My husband had just bought the newly issued CD of Bob Dylan's 1964 concert at Philharmonic Hall in New York, and our 15-year-old daughter was perplexed at yet another addition to our already extensive Dylan archive. She'd never understood what made this raspy-voiced guy so important, anyway. "Why is he famous?" she asked.
Delighted at the opportunity to deliver a history lesson, her father - a passionate antiwar activist during the Vietnam years - spent the next couple of hours playing old songs and explaining Dylan's seminal role in the protest music of the 1960s. I listened as I read the morning paper, and thinking about the parallels between Vietnam and the bloodbath in Iraq against a soundtrack of Dylan songs was almost too painful to bear. How many times, indeed?
The next day, I was startled to see Dylan's craggy, hawklike face glaring out at me from the television screen in a Victoria's Secret commercial. He looked angry, dissipated, and possibly deranged; his eyes had that paranoid, menacing look one associates with inmates in lockup wards. He also looked old. And, judging by his appearance, he's lived hard.
He was singing a bitter song called "Love Sick" as a nubile young model writhed around in her underwear and stiletto heels. Sultry and blank-faced, she looked about as old as my daughter. Was this porno-babe supposed to be Dylan's current obsession? His fantasy? Were we meant to think this was cool and edgy?
The only edge I saw was the distasteful spectacle of a geezer sexually fixated on a girl young enough to be his granddaughter. When the man who wrote "Forever Young" starts leering at jailbait during prime time, the result looks like a recruiting tool for a pedophilia advocacy group.
And what about the great minds behind such advertising campaigns? Teenagers constitute a critical segment of the Victoria's Secret target audience. My daughter spends a considerable amount of money on its products, but I'm the one who finances her purchases. And from a female, not to mention a parental, point of view, this ad was repellent.
Do the geniuses who come up with these ideas really think the sexual fantasies of aging males appeal to women, whether mothers or daughters? Guys, let me give you a clue: Nymphets are not lusting after Bob Dylan these days.
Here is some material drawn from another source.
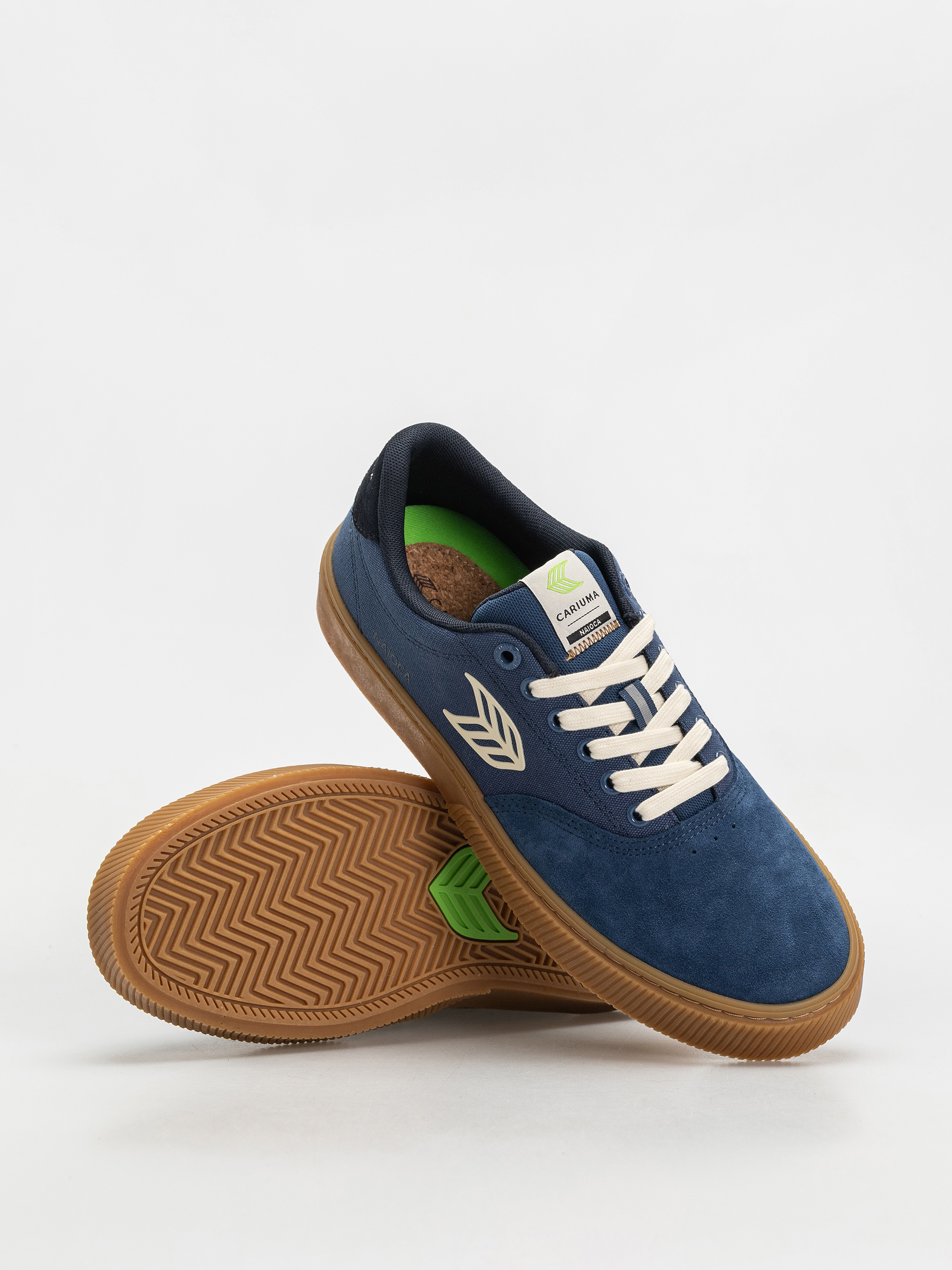 Cariuma Naioca Pro Shoes (gum shadow blue suede and canvas ivory logo navy)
Even 60-year-old grandmothers are not lusting after Bob Dylan these days.
My daughter's counterculture history lesson notwithstanding, she'll now retain the Victoria's Secret commercial as her most indelible memory of an artist who once had a profound effect on American culture. All over the country, crestfallen baby boomers are watching this ad campaign and wondering, "Why did he do it?"
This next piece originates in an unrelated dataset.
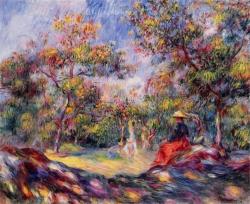 lonequixote:  Woman in a Landscape by Pierre Auguste Renoir (via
After being a world-famous star for 40 years, could he possibly be broke? Who cares? He did it for the same reason that fabulously rich movie stars who earn $20 million a picture can still be seduced into making jeans ads in Japan: It's the money, stupid.
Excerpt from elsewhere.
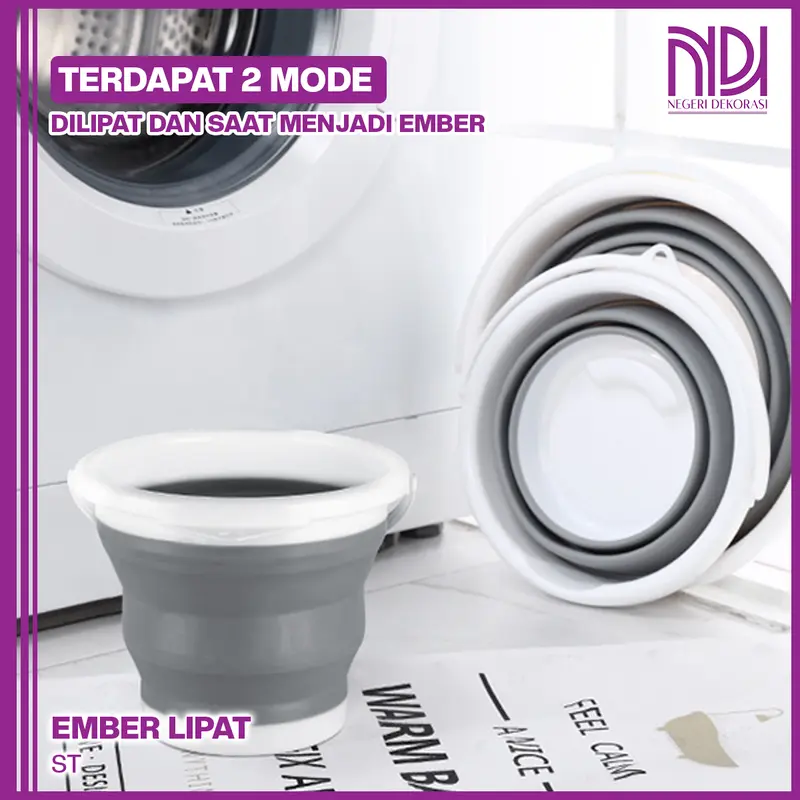 COD NEGERI DEKORASI Ember Lipat Portable 3L 5L 10L Multifungsi 4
Or maybe we should view it as the kinky product of a longstanding fetish rather than simply as a spasm of greed. Nearly 40 years ago, when asked if there was anything that might tempt him to sell out, Dylan reportedly replied, "Ladies' undergarments." But even that theory doesn't hold up - he sold "The Times They Are A-Changin' " for a Bank of Montreal ad eight years ago. No exculpatory pathology there, aside from garden-variety avarice.
I suppose even Dylan has the right to pad his retirement account, but it's hard to defend his status as an enduring icon of moral outrage and political integrity when he's shilling for bras and panties.
As I scan each day's front-page pictures of fire and destruction in Iraq, it's equally depressing to consider the current scene. After all, it's not as if the torch has been passed to the younger set. Today's musical superstars seem more interested in hawking their clothing lines and name-brand perfumes than in any meaningful form of political action. Far from protesting the status quo, they're the foremost exemplars of how to exploit it to the max.
Can we be surprised that an old guy is cashing in too? These days it's all about merchandising.
Now, there's a legacy to pass on to the next generation.